THE INPUT:
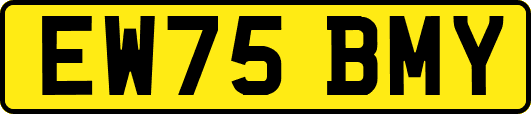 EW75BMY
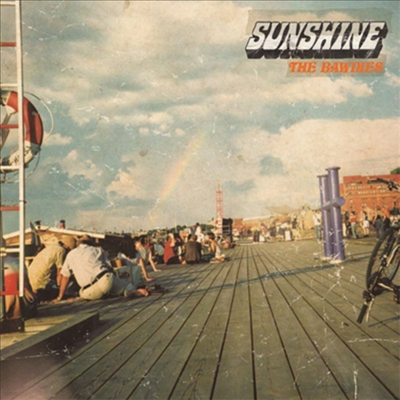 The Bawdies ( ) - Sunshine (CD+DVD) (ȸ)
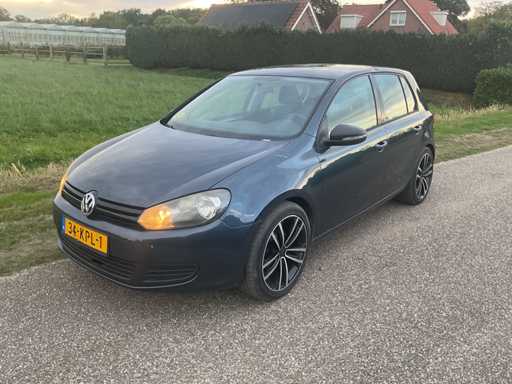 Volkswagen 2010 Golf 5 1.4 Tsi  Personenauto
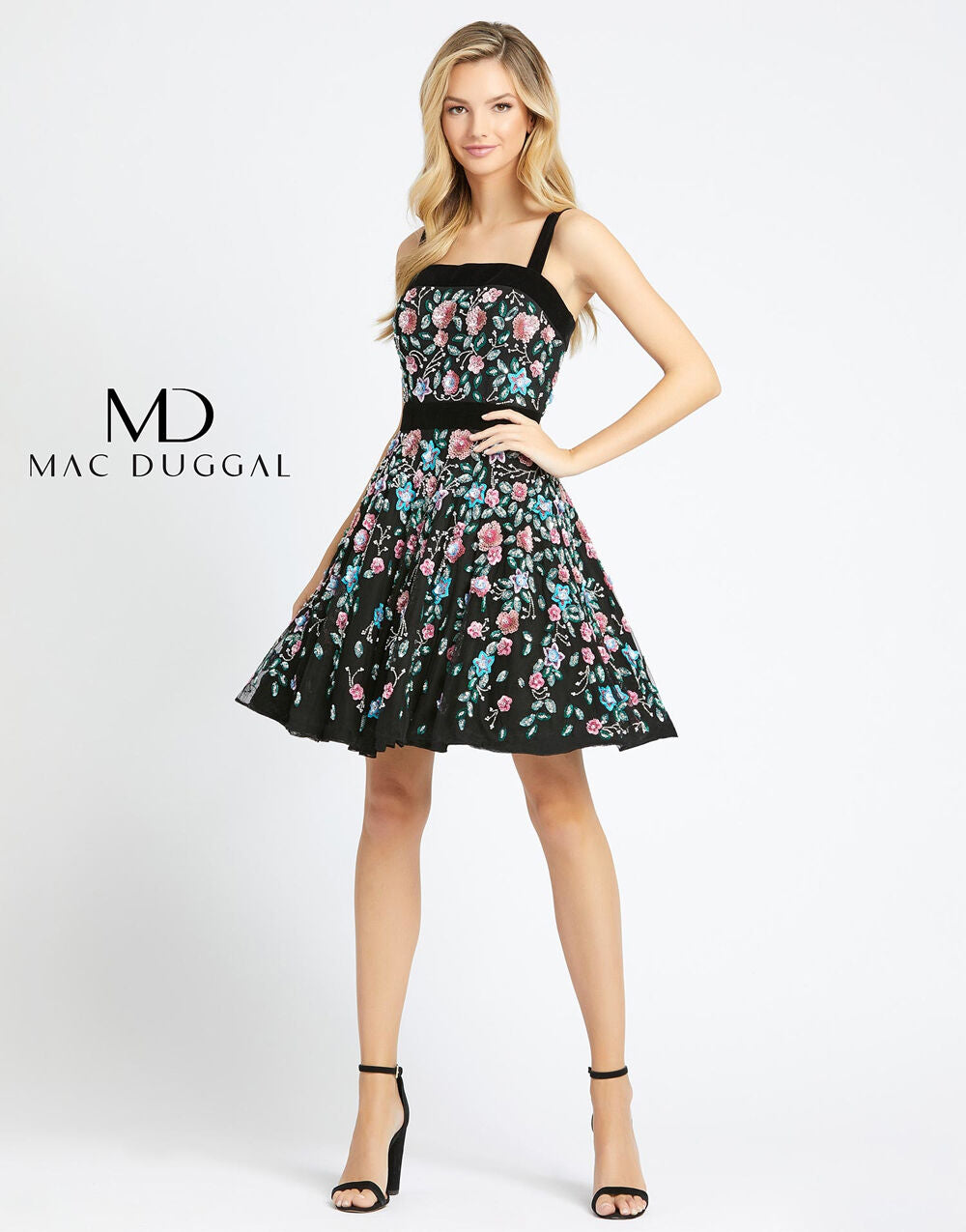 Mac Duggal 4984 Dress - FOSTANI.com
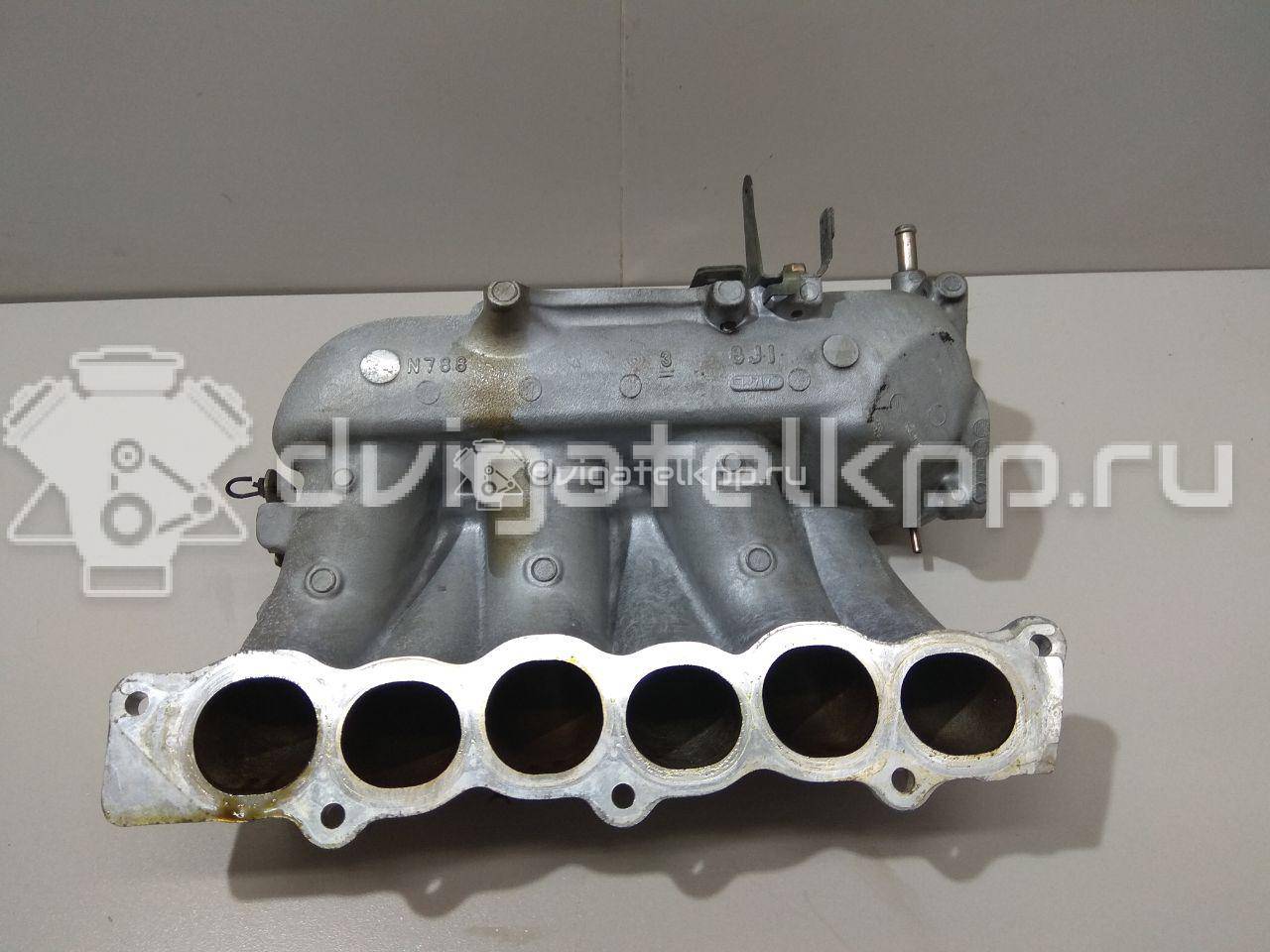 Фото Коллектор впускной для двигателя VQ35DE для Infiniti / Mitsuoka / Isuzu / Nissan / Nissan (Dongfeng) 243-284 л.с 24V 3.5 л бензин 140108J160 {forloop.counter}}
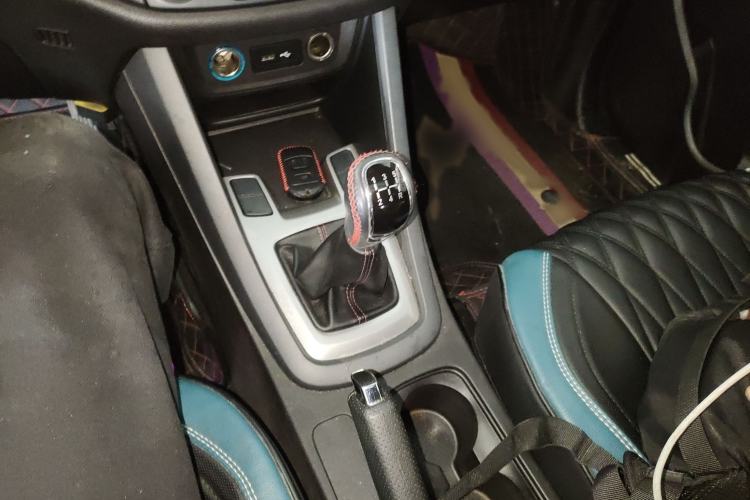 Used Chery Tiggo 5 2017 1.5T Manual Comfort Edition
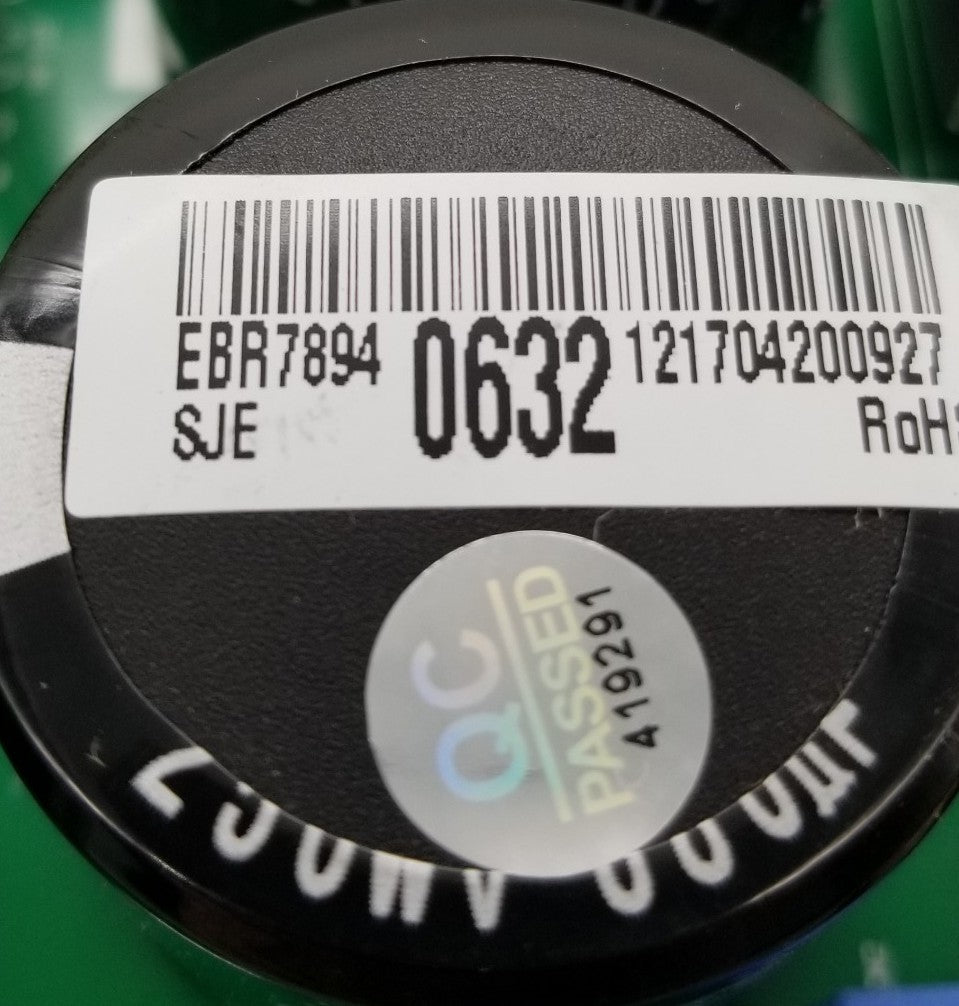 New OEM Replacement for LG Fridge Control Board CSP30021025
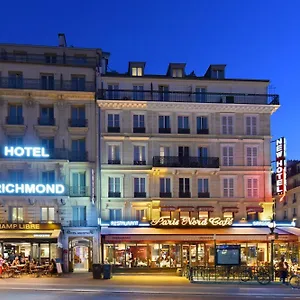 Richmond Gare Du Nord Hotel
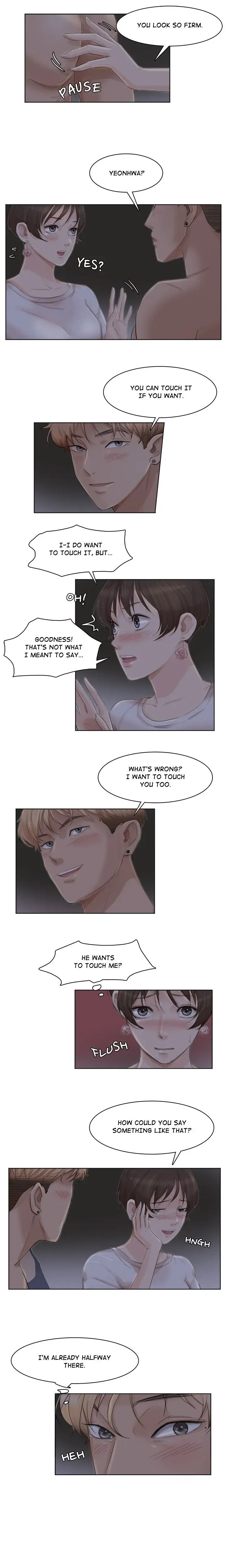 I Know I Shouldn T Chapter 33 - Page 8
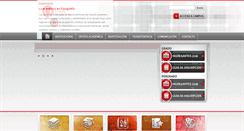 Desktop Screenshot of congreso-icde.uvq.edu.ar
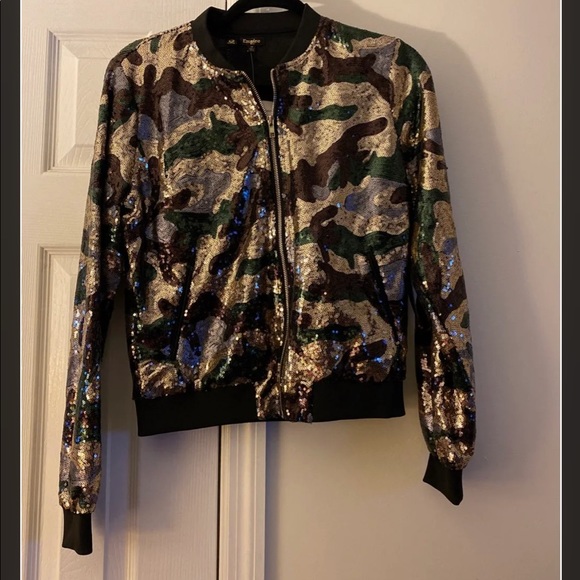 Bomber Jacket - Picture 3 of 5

WORK REQUEST: Print, with pictures removed, exactly the lines of the records above from the top through the line containing "New OEM Replacement".

RESULT:
 EW75BMY
 The Bawdies ( ) - Sunshine (CD+DVD) (ȸ)
 Volkswagen 2010 Golf 5 1.4 Tsi  Personenauto
 Mac Duggal 4984 Dress - FOSTANI.com
 Фото Коллектор впускной для двигателя VQ35DE для Infiniti / Mitsuoka / Isuzu / Nissan / Nissan (Dongfeng) 243-284 л.с 24V 3.5 л бензин 140108J160 {forloop.counter}}
 Used Chery Tiggo 5 2017 1.5T Manual Comfort Edition
 New OEM Replacement for LG Fridge Control Board CSP30021025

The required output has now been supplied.